Yes _I_ know that, _you_ know that, but it had positioned itself
(deliberately) as the first choice & was very effective at it.

Or put another way: a PC doesn't have to include Windows but there's a reason
the campaign was Mac vs PC not Mac vs Windows.

Also you seem to think I care what Stallman thinks or wants. I really don't.

------
datashovel
I think a lot of this is a result of probably not being able to recruit top
talent as easily as companies who have "opened up".

1) Many people at top of the talent pool know that the internet makes it
possible for them to not only make huge differences at companies they work
for, but they can also (if allowed) make enormous differences to the entire
world.

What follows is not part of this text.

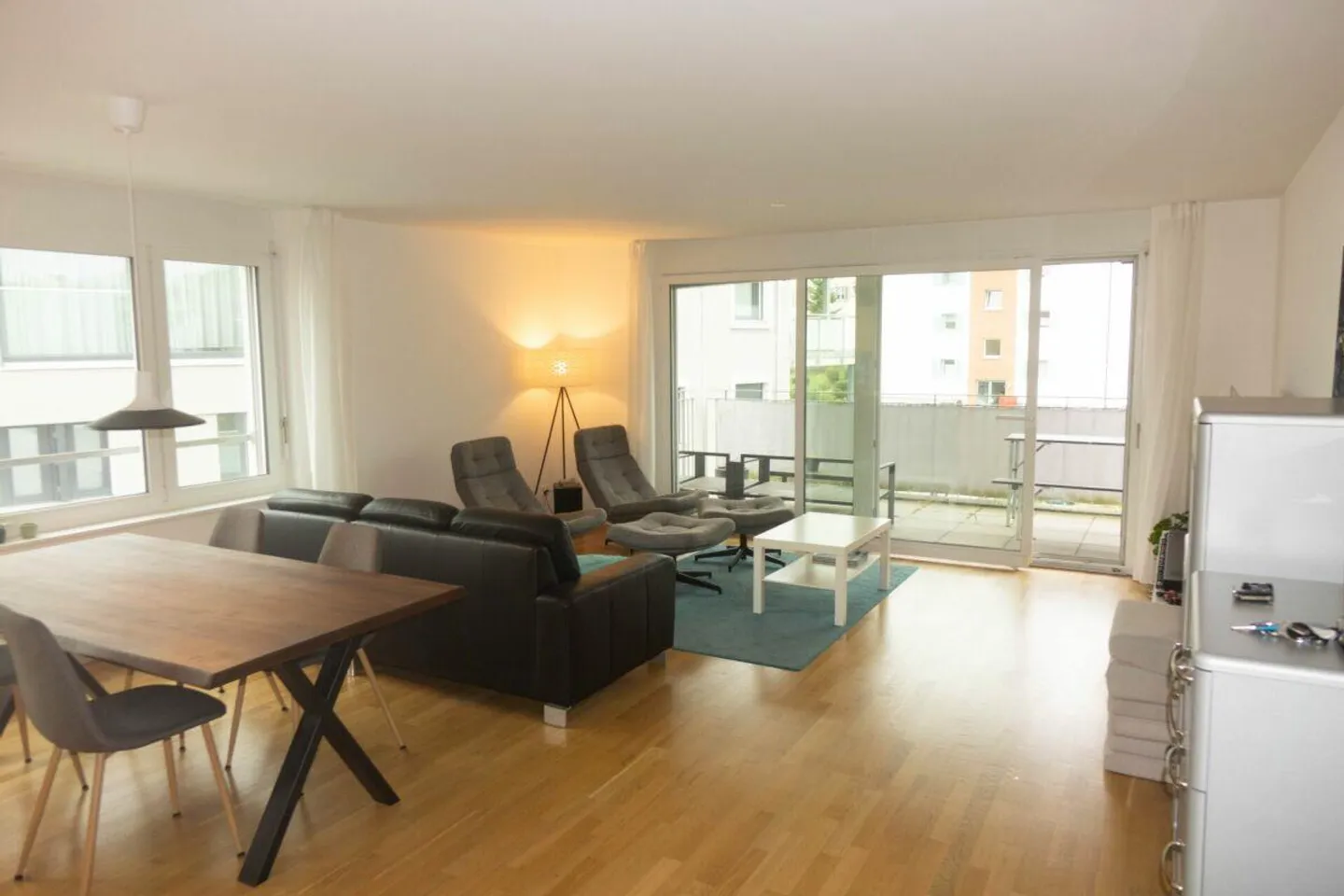 Appartamento moderno con balcone soleggiato - Foto 3 di 8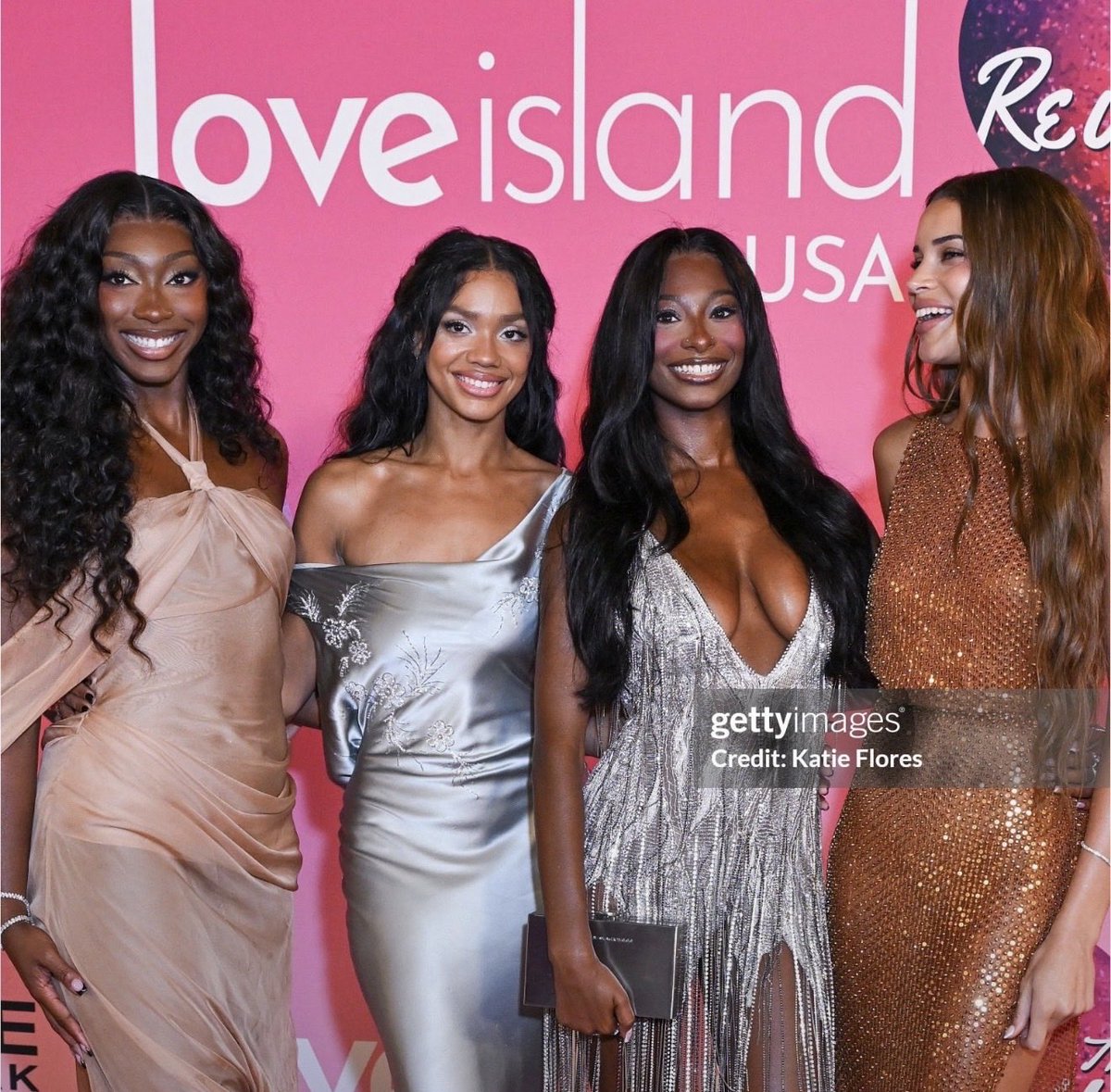 malsworldxo's tweet photo. @supremescourt they already do— that’s how sol and titi saved the event with their amazing face cards https://t.co/Pq1S7vGxMN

If they don't have to compromise their free time in order to do that,
it's an enormous benefit.

2) The people a company like Apple wants to hire are interviewing the company
just as thoroughly as they are interviewing the candidate. If the candidate
has not already seen a large portfolio of their work there's no real guarantee
(even if you're Apple) that you can convince them that they'll be working on
amazing teams with amazing engineers.

3) When you're at the top of the talent pool your goals and incentive
structure are almost certainly not tied directly to compensation. Of course
you want to be compensated fairly, but when it comes down to it you're
passionate about what you do, and as a consequence you've become great at what
you do. You generally don't become the best at something because you believe
it will compensate you better.

------
blinkingled
They could start with making sure atleast major Linux distros work fine on
Apple desktop and laptop hardware.

It would most likely be hw specific quirks and drivers given most of the
hardware they use is standard and already supported by Linux. (With Intel
building in their Wi-Fi chips even Broadcom wireless stuff won't be an issue.)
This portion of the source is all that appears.